Start of Data for this exercise

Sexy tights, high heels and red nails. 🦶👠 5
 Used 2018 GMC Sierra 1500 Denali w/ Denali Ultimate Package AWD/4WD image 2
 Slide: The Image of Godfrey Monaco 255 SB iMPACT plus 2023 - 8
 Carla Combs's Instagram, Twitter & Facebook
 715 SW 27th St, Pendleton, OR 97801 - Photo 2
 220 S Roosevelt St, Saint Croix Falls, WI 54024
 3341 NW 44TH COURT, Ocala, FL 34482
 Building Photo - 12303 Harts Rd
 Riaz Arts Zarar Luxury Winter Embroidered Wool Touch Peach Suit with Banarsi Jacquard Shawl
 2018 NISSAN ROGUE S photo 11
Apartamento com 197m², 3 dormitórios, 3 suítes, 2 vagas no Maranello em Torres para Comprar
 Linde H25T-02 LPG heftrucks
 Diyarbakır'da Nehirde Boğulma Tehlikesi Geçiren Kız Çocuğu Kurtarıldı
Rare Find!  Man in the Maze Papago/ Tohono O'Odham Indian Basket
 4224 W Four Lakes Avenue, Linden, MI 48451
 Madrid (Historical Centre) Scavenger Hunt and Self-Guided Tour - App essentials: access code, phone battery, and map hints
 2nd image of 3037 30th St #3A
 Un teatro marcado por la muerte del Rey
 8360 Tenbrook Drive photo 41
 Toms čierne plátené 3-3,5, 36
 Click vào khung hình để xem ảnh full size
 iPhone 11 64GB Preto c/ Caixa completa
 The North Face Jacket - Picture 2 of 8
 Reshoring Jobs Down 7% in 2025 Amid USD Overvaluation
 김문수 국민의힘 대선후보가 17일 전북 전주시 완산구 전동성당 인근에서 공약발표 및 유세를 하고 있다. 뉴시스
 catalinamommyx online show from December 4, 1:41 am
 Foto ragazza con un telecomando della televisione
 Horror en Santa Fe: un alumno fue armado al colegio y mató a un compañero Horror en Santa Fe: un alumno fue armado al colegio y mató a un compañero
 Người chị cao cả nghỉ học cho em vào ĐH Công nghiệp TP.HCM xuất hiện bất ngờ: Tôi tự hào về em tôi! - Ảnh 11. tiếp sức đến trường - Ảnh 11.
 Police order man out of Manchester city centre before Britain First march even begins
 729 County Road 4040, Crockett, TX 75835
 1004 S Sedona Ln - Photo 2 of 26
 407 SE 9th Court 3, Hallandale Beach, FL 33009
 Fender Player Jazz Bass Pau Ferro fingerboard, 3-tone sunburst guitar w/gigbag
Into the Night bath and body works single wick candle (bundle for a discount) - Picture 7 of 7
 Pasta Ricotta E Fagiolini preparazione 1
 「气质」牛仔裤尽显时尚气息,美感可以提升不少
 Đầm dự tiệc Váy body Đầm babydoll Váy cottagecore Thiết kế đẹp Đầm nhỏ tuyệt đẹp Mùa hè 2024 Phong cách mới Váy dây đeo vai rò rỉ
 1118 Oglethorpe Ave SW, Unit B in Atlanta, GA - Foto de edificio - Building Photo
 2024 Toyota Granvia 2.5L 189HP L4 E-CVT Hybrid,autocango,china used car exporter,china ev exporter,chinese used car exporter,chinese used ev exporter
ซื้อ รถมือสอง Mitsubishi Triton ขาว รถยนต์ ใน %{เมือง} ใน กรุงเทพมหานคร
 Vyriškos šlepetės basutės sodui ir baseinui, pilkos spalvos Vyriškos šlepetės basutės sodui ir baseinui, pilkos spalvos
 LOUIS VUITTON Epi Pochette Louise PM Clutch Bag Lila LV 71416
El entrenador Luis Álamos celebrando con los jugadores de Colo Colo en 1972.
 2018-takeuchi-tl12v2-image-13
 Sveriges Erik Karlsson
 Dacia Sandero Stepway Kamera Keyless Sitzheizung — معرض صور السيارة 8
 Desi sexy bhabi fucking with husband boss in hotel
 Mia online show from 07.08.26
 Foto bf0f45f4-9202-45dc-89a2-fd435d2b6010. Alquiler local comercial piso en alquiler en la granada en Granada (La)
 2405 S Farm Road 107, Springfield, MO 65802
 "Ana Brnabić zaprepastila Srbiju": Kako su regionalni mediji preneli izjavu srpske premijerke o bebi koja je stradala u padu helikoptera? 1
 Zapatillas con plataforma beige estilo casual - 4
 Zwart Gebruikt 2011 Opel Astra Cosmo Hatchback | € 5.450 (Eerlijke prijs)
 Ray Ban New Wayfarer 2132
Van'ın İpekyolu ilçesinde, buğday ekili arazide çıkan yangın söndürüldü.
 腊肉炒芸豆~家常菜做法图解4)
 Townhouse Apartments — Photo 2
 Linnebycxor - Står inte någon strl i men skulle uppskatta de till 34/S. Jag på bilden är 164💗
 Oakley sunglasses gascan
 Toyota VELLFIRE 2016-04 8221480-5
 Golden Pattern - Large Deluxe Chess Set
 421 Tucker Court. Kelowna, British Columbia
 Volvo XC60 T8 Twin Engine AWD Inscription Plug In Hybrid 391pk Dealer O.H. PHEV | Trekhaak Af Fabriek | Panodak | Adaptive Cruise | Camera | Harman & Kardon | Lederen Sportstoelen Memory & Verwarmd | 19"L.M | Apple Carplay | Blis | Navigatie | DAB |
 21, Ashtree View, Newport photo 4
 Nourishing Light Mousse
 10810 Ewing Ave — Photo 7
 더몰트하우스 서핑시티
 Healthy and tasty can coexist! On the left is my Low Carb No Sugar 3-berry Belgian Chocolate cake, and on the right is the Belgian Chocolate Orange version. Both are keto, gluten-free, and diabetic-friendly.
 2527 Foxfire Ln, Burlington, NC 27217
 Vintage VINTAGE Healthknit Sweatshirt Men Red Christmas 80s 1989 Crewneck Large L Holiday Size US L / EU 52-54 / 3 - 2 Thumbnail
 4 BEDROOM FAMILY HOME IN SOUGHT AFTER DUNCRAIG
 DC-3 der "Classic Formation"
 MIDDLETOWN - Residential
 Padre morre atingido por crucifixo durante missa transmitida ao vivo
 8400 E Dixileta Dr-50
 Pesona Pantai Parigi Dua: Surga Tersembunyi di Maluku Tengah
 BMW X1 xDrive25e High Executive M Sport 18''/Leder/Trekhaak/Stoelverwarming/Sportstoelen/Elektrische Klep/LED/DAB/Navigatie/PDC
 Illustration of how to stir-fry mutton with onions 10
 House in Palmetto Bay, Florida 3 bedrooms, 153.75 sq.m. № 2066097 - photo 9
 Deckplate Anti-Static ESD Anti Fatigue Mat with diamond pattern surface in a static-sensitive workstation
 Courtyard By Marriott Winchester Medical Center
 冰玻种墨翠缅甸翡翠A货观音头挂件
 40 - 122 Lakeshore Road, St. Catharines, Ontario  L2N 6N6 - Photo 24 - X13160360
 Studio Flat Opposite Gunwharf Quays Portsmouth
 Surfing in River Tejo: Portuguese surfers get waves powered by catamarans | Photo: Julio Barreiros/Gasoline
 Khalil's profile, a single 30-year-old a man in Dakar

End of Data for this exercise

## What the exercise asks
Given the data above, transcribe exactly the lines from the one containing "715 SW 27th" down to the one containing "un compañero Horror", and no others.

## Exercise response
 715 SW 27th St, Pendleton, OR 97801 - Photo 2
 220 S Roosevelt St, Saint Croix Falls, WI 54024
 3341 NW 44TH COURT, Ocala, FL 34482
 Building Photo - 12303 Harts Rd
 Riaz Arts Zarar Luxury Winter Embroidered Wool Touch Peach Suit with Banarsi Jacquard Shawl
 2018 NISSAN ROGUE S photo 11
Apartamento com 197m², 3 dormitórios, 3 suítes, 2 vagas no Maranello em Torres para Comprar
 Linde H25T-02 LPG heftrucks
 Diyarbakır'da Nehirde Boğulma Tehlikesi Geçiren Kız Çocuğu Kurtarıldı
Rare Find!  Man in the Maze Papago/ Tohono O'Odham Indian Basket
 4224 W Four Lakes Avenue, Linden, MI 48451
 Madrid (Historical Centre) Scavenger Hunt and Self-Guided Tour - App essentials: access code, phone battery, and map hints
 2nd image of 3037 30th St #3A
 Un teatro marcado por la muerte del Rey
 8360 Tenbrook Drive photo 41
 Toms čierne plátené 3-3,5, 36
 Click vào khung hình để xem ảnh full size
 iPhone 11 64GB Preto c/ Caixa completa
 The North Face Jacket - Picture 2 of 8
 Reshoring Jobs Down 7% in 2025 Amid USD Overvaluation
 김문수 국민의힘 대선후보가 17일 전북 전주시 완산구 전동성당 인근에서 공약발표 및 유세를 하고 있다. 뉴시스
 catalinamommyx online show from December 4, 1:41 am
 Foto ragazza con un telecomando della televisione
 Horror en Santa Fe: un alumno fue armado al colegio y mató a un compañero Horror en Santa Fe: un alumno fue armado al colegio y mató a un compañero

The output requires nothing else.